Following are a few notes pertaining to Dan 3:18-26; It was customary to remove the clothing of those being executed, but because of the haste in which the king wanted his command carried out (the king's command was... urgent) this practice was not followed this time.

The flames leaping through the top opening of the furnace killed the men who had thrown the three into the fire. Concerning the fire being seven time hotter this may by a good interpretation; (One seven times.) Possibly the Aramaic word had, rendered one, has here the sense of our indefinite article "a" or "an"; hence a seven.

This would be some familiar kind of seven-fold thing (e.g., the Heb: word for week is seven, as is also the similar word for an oath). This seven would then be, as Zoeckler suggests, a seven of completeness of judicial penalty. Possibly they used seven times the fuel which was designed to signify that the king looked upon their crime as seven times more heinous than the crimes of others, and so made their death more ignominious.

I am also including three verses which give additional information about fire and the furnace.

Mal 4:1 "Surely the day is coming; it will burn like a furnace. All the arrogant and every evildoer will be stubble, and that day that is coming will set them on fire," says the LORD Almighty.

Matt 13:40-42 The Son of Man will send out His angels, and they will gather out of His kingdom all things that offend, and those who practice lawlessness, and will cast them into the furnace of fire.

Rev 9:1-2 Then the fifth angel sounded: And I saw a star fallen from heaven to the earth. To him was given the key to the bottomless pit. And he opened the bottomless pit, and smoke arose out of the pit like the smoke of a great furnace.

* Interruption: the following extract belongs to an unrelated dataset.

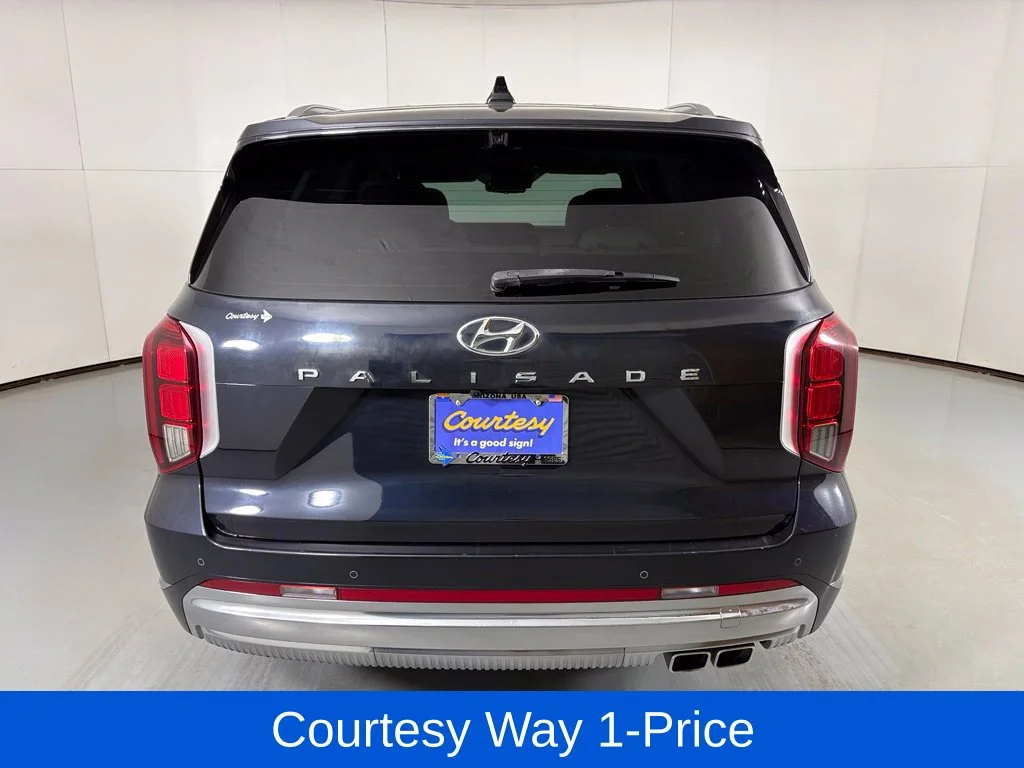 Used 2023 White Hyundai Calligraphy image 9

This story is not considered true by many skeptics. There is another situation where a person lived after being "burned at the stake". In the year 168 A.D., Polycarp, the leader of the church in Smyrna, was ordered to be burned alive. He was tied to a stake and the fire was set. According to eyewitnesses, Polycarp did not burn. Then the executioner, being angry that Polycarp did not die, stabbed Polycarp with his sword and his blood poured out and quenched the fire. Unlike Shadrach, Mechach and Abednego, Polycarp did die, but from the stab wound not the fire.